Cruce de reproches en la cumbre árabe de Qatar
Hubo disputas entre los países duros y los moderados. Israel fue el tema de discordia.
Los líderes reunidos ayer en la Cumbre de la Liga Arabe en Qatar fueron unánimes en su pedido a favor de la unidad, pero el mensaje se vio eclipsado por fuertes disputas entre los participantes, que se lanzaron venenosos dardos verbales. El encuentro terminó anoche, antes de lo previsto, con un apoyo regional al presidente sudanés, Omar al Bashir, quien desafió la orden de arresto emitida por la Corte Penal Internacional (CPI) y viajó a Doha para el encuentro.

"Expresamos firmemente nuestra solidaridad con Sudán y nuestro rechazo a las decisiones de la CPI contra el presidente Bashir", afirma la declaración final leída durante la clausura -programada en principio para hoy- por el secretario general de la Liga Arabe, Amr Musa.

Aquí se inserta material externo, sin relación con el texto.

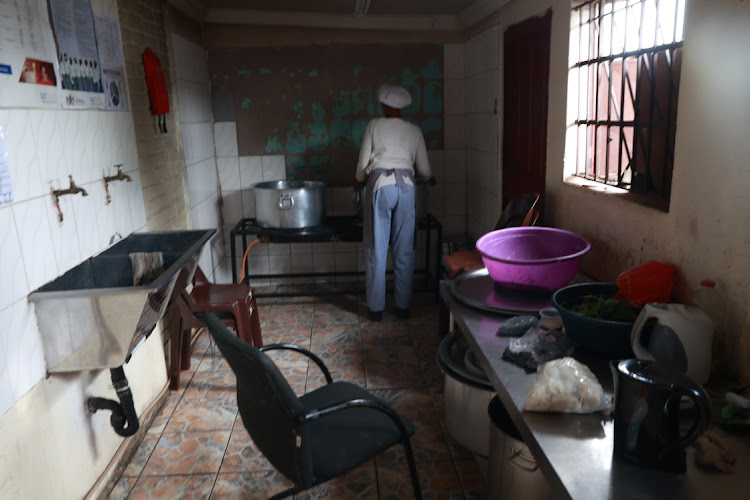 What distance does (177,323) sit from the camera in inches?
114

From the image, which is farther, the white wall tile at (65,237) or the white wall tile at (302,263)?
→ the white wall tile at (302,263)

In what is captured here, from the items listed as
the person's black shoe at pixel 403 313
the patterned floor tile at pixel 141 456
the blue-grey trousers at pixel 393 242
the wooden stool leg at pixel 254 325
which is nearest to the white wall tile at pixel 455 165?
the blue-grey trousers at pixel 393 242

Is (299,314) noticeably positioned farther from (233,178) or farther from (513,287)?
(513,287)

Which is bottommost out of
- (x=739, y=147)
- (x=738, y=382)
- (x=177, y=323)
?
(x=177, y=323)

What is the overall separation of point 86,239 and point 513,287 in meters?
1.66

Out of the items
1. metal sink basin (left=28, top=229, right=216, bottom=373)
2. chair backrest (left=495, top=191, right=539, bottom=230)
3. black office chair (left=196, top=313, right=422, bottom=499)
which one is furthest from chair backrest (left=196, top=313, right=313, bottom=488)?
chair backrest (left=495, top=191, right=539, bottom=230)

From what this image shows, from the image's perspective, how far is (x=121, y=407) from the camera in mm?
2111

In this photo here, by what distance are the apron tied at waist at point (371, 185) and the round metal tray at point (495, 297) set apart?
1413mm

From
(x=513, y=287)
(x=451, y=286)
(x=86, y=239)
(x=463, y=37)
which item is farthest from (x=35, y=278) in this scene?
(x=463, y=37)

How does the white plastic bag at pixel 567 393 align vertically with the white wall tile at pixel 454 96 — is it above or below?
below

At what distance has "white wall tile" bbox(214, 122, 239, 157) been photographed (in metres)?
4.37

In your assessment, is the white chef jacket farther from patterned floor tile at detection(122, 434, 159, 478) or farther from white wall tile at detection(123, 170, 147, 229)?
patterned floor tile at detection(122, 434, 159, 478)

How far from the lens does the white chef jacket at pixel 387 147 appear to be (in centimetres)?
356

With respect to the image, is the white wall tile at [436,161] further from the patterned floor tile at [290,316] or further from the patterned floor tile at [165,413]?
the patterned floor tile at [165,413] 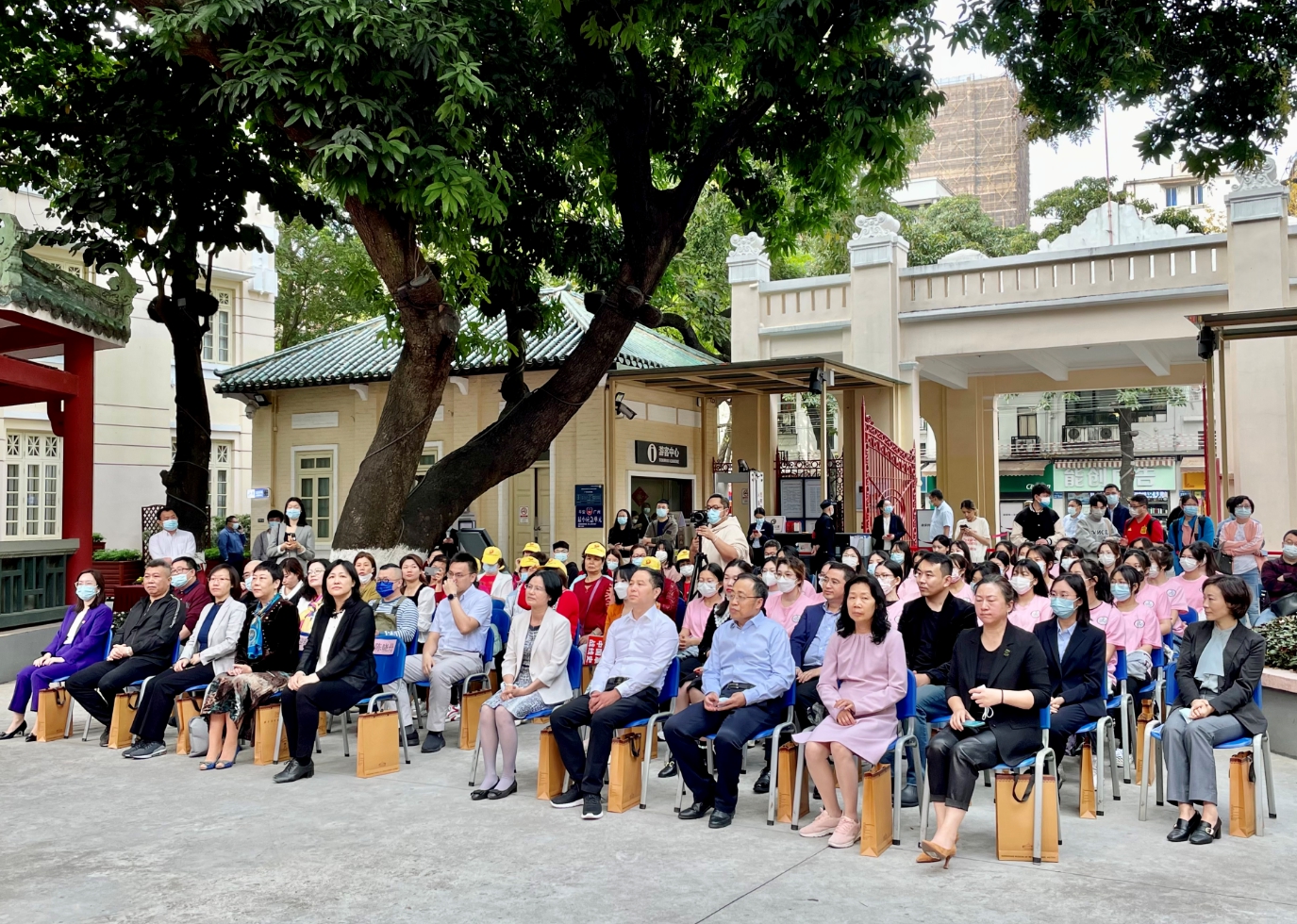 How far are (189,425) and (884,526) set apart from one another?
31.4 ft

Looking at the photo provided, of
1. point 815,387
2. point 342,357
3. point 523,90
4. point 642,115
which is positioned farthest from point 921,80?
point 342,357

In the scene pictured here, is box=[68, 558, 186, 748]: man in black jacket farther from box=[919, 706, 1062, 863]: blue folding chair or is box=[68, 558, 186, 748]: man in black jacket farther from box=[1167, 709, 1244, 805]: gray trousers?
box=[1167, 709, 1244, 805]: gray trousers

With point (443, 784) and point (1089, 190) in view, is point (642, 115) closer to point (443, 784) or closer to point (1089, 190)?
point (443, 784)

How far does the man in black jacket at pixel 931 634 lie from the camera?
24.3ft

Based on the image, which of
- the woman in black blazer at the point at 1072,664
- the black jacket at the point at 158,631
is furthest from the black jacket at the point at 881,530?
the black jacket at the point at 158,631

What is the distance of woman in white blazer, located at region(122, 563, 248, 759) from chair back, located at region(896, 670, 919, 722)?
17.1 feet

La CPI emitió el 4 de marzo una orden de arresto contra Bashir por crímenes de guerra y contra la humanidad en Darfur, la región del oeste de Sudán en guerra civil desde 2003.

En el comunicado final, los líderes condenaron también la reciente "brutal agresión" israelí contra la Franja de Gaza y prometieron resolver "de una manera constructiva" las diferencias que separan a los países árabes.

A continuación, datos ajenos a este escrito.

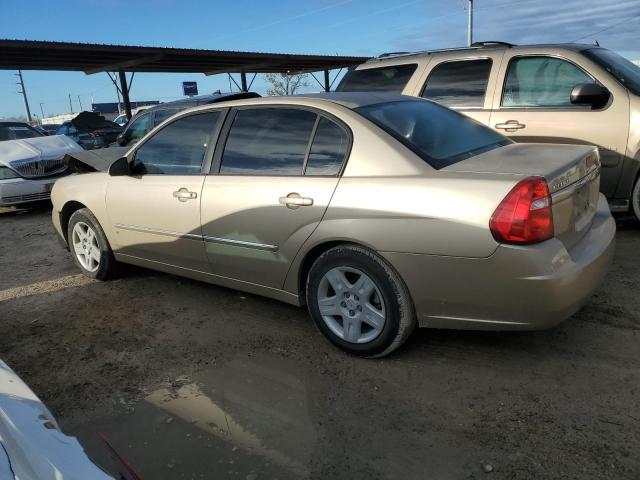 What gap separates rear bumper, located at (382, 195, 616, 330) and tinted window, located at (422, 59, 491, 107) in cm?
308

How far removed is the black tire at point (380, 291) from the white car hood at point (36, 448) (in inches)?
68.3

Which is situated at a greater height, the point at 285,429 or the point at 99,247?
the point at 99,247

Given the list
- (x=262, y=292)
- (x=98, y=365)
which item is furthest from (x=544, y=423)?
(x=98, y=365)

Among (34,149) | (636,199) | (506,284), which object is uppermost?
(34,149)

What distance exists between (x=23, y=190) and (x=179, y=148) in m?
5.66

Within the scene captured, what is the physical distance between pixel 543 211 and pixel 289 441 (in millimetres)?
1680

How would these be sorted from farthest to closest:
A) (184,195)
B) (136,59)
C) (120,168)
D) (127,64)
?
(127,64) → (136,59) → (120,168) → (184,195)

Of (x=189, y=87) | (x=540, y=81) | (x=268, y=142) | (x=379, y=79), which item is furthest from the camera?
(x=189, y=87)

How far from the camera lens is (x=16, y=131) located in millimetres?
9930

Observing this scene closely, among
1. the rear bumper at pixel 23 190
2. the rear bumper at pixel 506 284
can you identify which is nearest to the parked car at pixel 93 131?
the rear bumper at pixel 23 190

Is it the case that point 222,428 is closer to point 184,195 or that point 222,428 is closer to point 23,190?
point 184,195

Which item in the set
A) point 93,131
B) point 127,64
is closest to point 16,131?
point 93,131

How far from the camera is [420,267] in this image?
2.86 m

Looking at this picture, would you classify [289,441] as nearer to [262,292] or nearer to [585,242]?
[262,292] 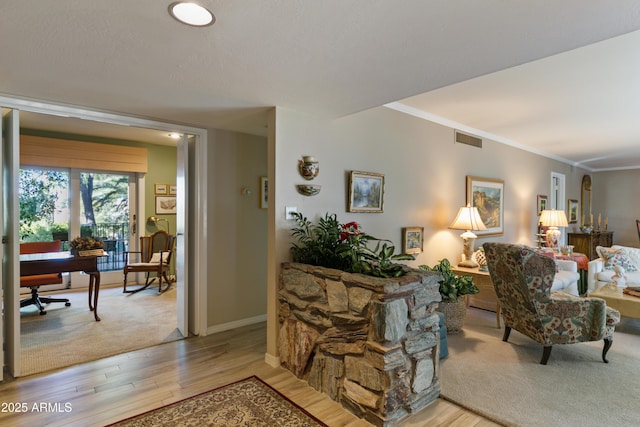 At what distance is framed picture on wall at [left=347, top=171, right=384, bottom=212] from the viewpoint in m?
3.30

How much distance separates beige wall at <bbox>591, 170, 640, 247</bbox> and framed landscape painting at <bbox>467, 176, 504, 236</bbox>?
213 inches

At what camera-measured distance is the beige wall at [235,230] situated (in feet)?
11.4

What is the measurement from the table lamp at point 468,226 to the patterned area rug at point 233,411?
2.96 meters

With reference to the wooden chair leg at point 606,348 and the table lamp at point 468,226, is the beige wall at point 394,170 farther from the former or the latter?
the wooden chair leg at point 606,348

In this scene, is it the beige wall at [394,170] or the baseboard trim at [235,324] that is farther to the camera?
the baseboard trim at [235,324]

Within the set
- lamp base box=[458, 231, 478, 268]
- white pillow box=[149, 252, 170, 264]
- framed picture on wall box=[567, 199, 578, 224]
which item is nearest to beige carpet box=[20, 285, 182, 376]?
white pillow box=[149, 252, 170, 264]

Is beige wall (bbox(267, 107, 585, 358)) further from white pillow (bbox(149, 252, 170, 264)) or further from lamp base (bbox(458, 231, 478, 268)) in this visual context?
white pillow (bbox(149, 252, 170, 264))

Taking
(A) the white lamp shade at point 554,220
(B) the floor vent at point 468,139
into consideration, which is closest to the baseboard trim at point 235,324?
(B) the floor vent at point 468,139

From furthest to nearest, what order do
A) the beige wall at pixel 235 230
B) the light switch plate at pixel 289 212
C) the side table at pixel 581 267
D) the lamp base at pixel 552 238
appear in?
the lamp base at pixel 552 238 → the side table at pixel 581 267 → the beige wall at pixel 235 230 → the light switch plate at pixel 289 212

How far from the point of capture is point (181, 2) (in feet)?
4.39

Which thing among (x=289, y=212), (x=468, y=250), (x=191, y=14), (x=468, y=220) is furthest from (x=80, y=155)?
(x=468, y=250)

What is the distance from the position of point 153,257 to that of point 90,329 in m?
1.89

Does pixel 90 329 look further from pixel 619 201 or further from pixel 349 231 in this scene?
pixel 619 201

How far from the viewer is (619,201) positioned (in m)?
8.19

La reunión se desarrolló en medio de divisiones entre países moderados e integrantes de la "línea dura" en varios temas de la agenda internacional y recelos entre algunos países por la intromisión de naciones no árabes, como Irán, en los asuntos de la región.

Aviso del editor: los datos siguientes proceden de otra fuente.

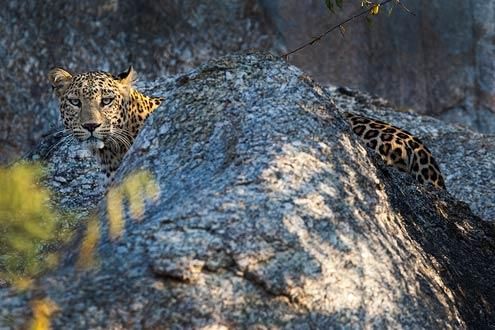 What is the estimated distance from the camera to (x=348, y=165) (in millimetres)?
6195

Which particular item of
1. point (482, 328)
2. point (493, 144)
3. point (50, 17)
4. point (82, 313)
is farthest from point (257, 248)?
point (50, 17)

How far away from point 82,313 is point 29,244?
845mm

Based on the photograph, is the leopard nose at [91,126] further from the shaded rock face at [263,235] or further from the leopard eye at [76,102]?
the shaded rock face at [263,235]

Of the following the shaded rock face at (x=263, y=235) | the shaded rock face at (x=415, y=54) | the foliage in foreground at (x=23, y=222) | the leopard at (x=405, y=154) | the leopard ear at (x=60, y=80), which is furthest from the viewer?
the shaded rock face at (x=415, y=54)

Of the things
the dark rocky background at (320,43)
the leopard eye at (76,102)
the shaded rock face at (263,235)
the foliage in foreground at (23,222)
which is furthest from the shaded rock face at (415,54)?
the foliage in foreground at (23,222)

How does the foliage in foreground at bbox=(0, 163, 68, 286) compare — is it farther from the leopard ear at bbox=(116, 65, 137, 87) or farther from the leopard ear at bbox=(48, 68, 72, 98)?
the leopard ear at bbox=(48, 68, 72, 98)

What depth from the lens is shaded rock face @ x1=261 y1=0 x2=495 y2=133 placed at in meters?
16.6

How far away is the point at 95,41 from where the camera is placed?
16.2 meters

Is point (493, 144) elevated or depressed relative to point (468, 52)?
depressed

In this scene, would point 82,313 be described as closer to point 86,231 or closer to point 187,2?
point 86,231

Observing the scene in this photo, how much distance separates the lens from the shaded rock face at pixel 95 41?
51.9ft

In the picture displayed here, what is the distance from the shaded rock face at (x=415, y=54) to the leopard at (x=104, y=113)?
254 inches

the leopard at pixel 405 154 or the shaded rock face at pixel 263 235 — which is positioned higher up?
the leopard at pixel 405 154

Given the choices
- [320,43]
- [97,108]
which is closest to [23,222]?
[97,108] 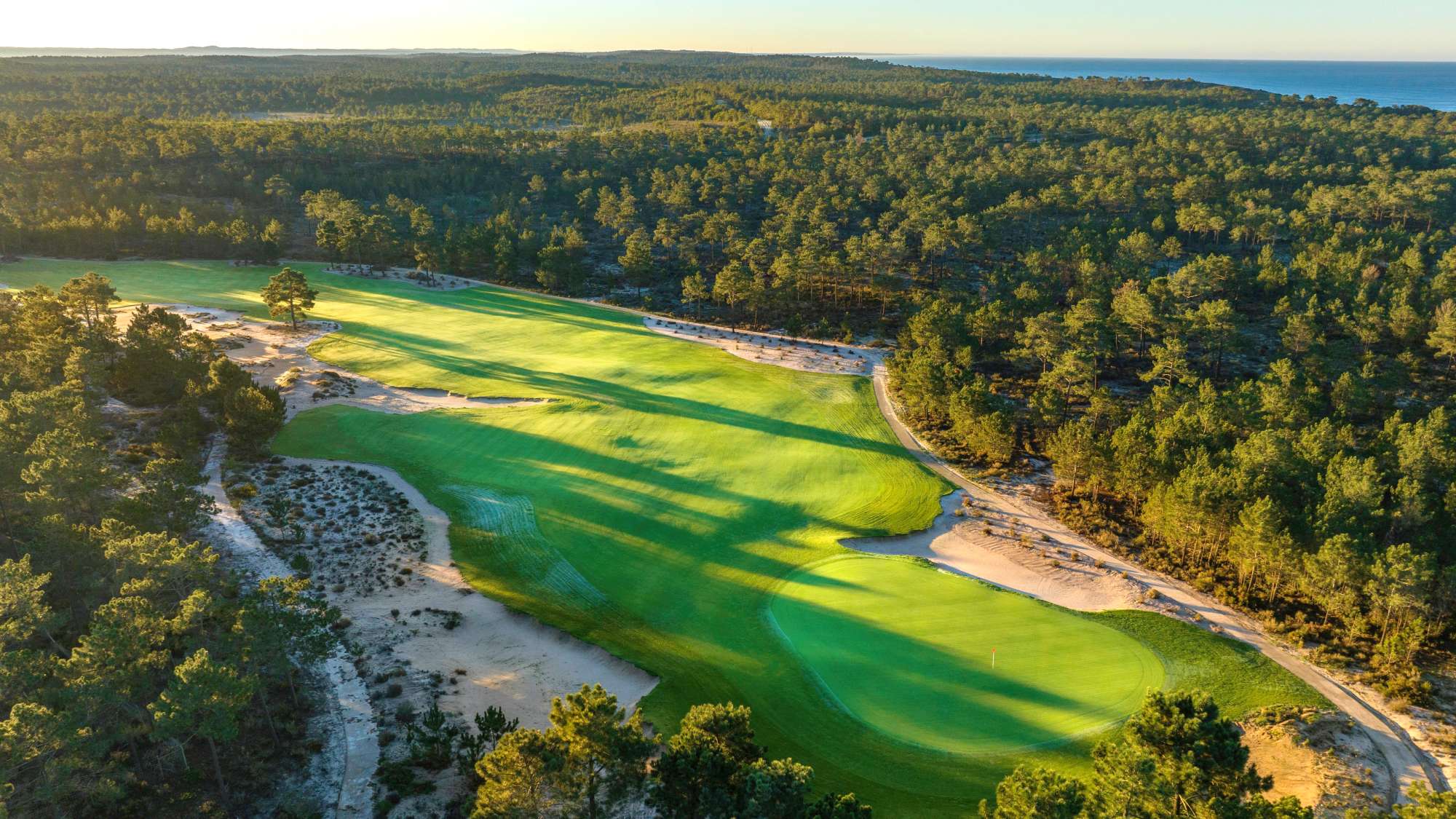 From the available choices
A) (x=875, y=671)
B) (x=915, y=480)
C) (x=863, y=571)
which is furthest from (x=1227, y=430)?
(x=875, y=671)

El presidente sirio Bashar al Assad dijo en la inauguración de la cumbre que los países árabes "carecen de verdaderos interlocutores en el proceso de paz" con Israel.

La declaración final retoma la idea de una paz basada en la iniciativa árabe, que propone a Israel una normalización de las relaciones a cambio, entre otros puntos, de su retirada de los territorios árabes ocupados en 1967. Israel nunca aceptó ese plan.

Los 22 países árabes llegaron a la reunión muy divididos por sus respectivas posiciones ante la ofensiva militar israelí en Gaza entre el 27 de diciembre y el 18 de enero. Siria y Qatar, apoyados por Irán, defendieron a los islamistas del Hamas, que controlan Gaza, mientras Arabia Saudita y Egipto respaldaron al presidente palestino Mahmud Abbas, jefe de Al Fatah, que gobierna en Cisjordania.

En la cumbre no estuvo el presidente egipcio Hosni Mubarak, ni sus colegas de Argelia, Irak, Marruecos y Omán.

Además hubo fuertes choques verbales. El rey jordano, considerado moderado por Occidente, acusó a Irán, sin citarlo por su nombre, de encender el caos y la división en la región. "La injerencia extranjera permanente es el principal motivo de que continúe la división de los palestinos", afirmó.

El líder libio, Muammar Kadhafi, causó desconcierto: sin respetar el orden del día, tomó la palabra y llamó al rey saudita Abdullah a reconciliarse con él y a olvidar que en una cumbre en 2003 lo llamó públicamente "mentiroso" y "lacayo de los norteamericanos".